**Your goal:** Restate the data word for word. Leave the pictures out.

**Information:**
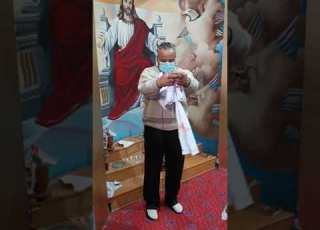 أسهل طريقة لتطبيق التونية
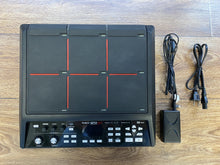Load image into Gallery viewer, Roland SPD-SX Used Excellent Condition #5641
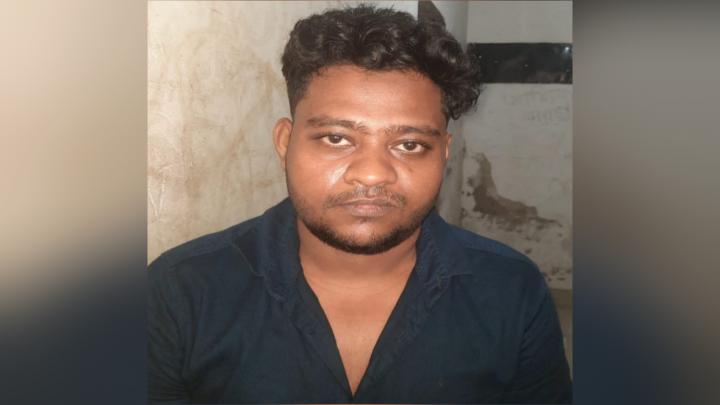 ছবি : সংগৃহীত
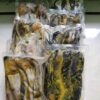 Lele Bumbu Kuning - Gambar 2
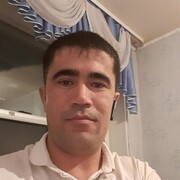 ���������� ����������, ���� ������� �����, 38 ���, ������������ ��� ������, ����� � ���������, c�������� ���������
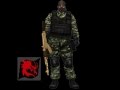 videos de Combat Arms (Red Dragon Clan Requests)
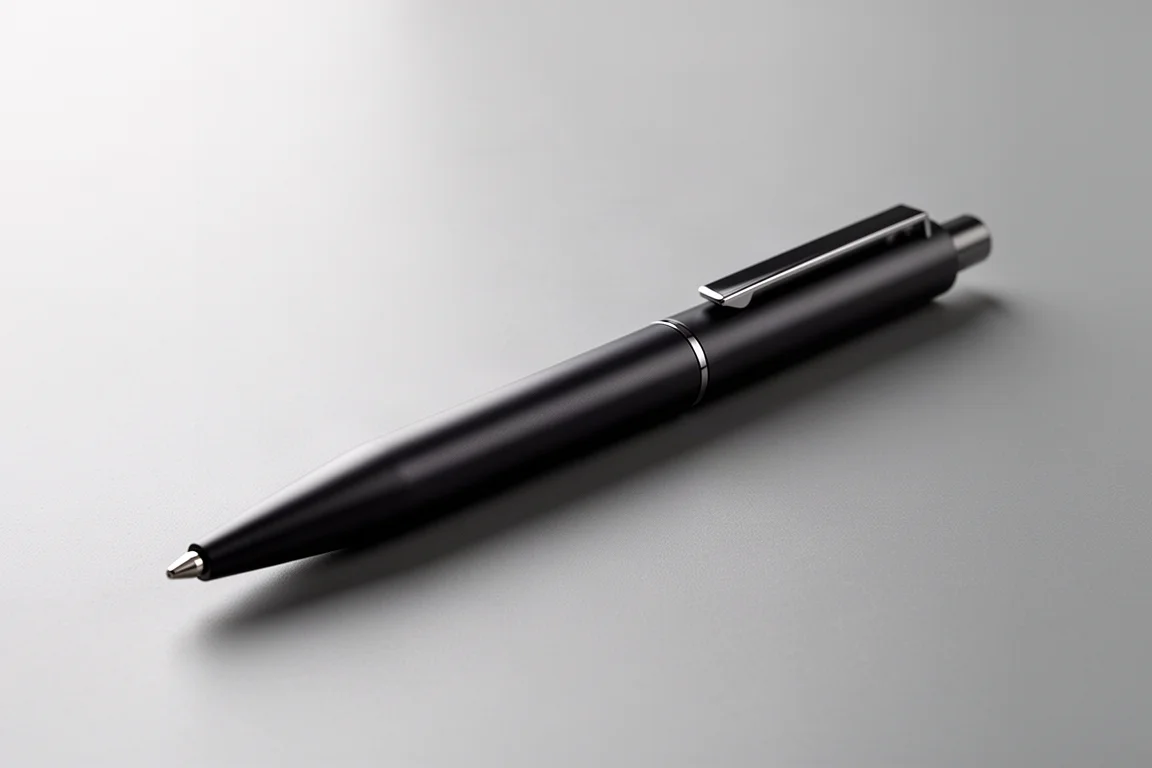 Pilot Acro Link product image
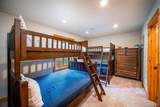 32 Grand Turk Court - Photo 28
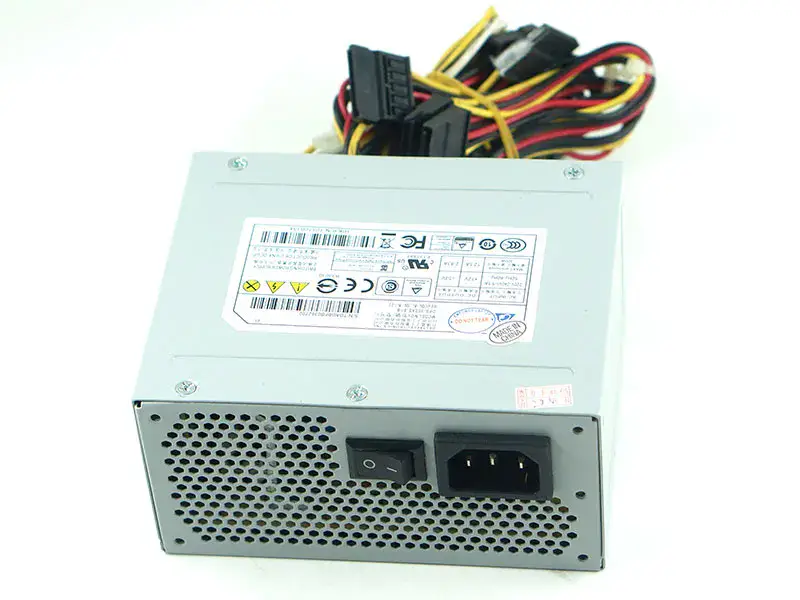 DPS-300AB-81B Napájecí zdroj 350W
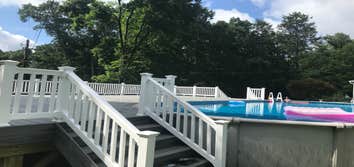 Creative Edge Contracting LLC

**Output for this task:**
 أسهل طريقة لتطبيق التونية
Load image into Gallery viewer, Roland SPD-SX Used Excellent Condition #5641
 ছবি : সংগৃহীত
 Lele Bumbu Kuning - Gambar 2
 ���������� ����������, ���� ������� �����, 38 ���, ������������ ��� ������, ����� � ���������, c�������� ���������
 videos de Combat Arms (Red Dragon Clan Requests)
 Pilot Acro Link product image
 32 Grand Turk Court - Photo 28
 DPS-300AB-81B Napájecí zdroj 350W
 Creative Edge Contracting LLC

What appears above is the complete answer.